Counting

We wish to count the number of occurrences of a given pattern in a target string.

We will cover the following common pattern occurrence counting scenarios:

Substring: how to obtain the number of occurrences of a given substring in a given string.
Regular Expression: how to obtain the number of occurrences of match of a given regular expression in a given string.
Word: the special case of how to count the number of words in a given string.
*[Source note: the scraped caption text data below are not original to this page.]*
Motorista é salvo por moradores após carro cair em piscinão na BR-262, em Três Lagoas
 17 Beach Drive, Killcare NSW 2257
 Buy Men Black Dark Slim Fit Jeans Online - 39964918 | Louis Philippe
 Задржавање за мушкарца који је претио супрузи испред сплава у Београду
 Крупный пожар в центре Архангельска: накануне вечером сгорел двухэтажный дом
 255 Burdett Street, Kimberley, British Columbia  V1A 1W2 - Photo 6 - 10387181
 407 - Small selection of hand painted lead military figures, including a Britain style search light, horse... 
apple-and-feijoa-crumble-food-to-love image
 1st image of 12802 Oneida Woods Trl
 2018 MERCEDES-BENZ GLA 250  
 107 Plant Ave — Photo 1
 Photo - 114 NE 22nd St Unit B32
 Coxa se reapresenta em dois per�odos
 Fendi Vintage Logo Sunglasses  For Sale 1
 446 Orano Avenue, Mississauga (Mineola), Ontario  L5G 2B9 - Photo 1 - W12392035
The scenarios above can be extended in multiple ways, the most common of which are:

Ignore Case: Ignoring case (of both pattern and string) while matching.
Pattern Column: Matching a vector of patterns against a vector of strings of the same size
Multiple Patterns: Checking for multiple patterns at a time.

Substring

We wish to count the number of occurrences of a given substring in a given string.

In this example, we count the number of occurrences of the string ‘XY’ in each value of the column col_1.

df_2 = df %>% 
  mutate(col_2 = str_count(col_1, fixed('XY')))

Here is how this works:

We use str_count() from the stringr package (part of the tidyverse) to count the number of occurrences of the substring ‘XY’ in each value of the column col_1.
The str_count() function takes the following arguments:
- The column whose values we wish to check against; which in this case is col_1.
- The substring whose occurrences we wish to count; in this case ‘XY’. We wrap the substring in the helper fixed() because by default str_count() assumes that the pattern passed is a regular expression. fixed() specifies that the pattern is a fixed string.
The output data frame df_2 will be a copy of the input data frame df with an added column col_2 holding the number of occurrences of the string ‘XY’ in the corresponding value of the column col_1.

Regular Expression

We wish to count the number of occurrences of a given regular expression in a given string.

In this example, we count the number of vowels (while ignoring case) in each value of the column col_1.

df_2 = df %>% 
  mutate(col_2 = str_count(col_1, '[aeiou]'))

Here is how this works:

This works similarly to the substring scenario described above except that we pass a regular expression to str_count() instead of a substring.
The regular expression '[aeiou]' matches any of the characters in the square brackets (which are the five vowels in the English language). It can be thought of as an or operation.
The output data frame df_2 will be a copy of the input data frame df with an added column col_2 holding the number of vowels in the corresponding value of the column col_1.

Word

We wish to count the number of words in a string.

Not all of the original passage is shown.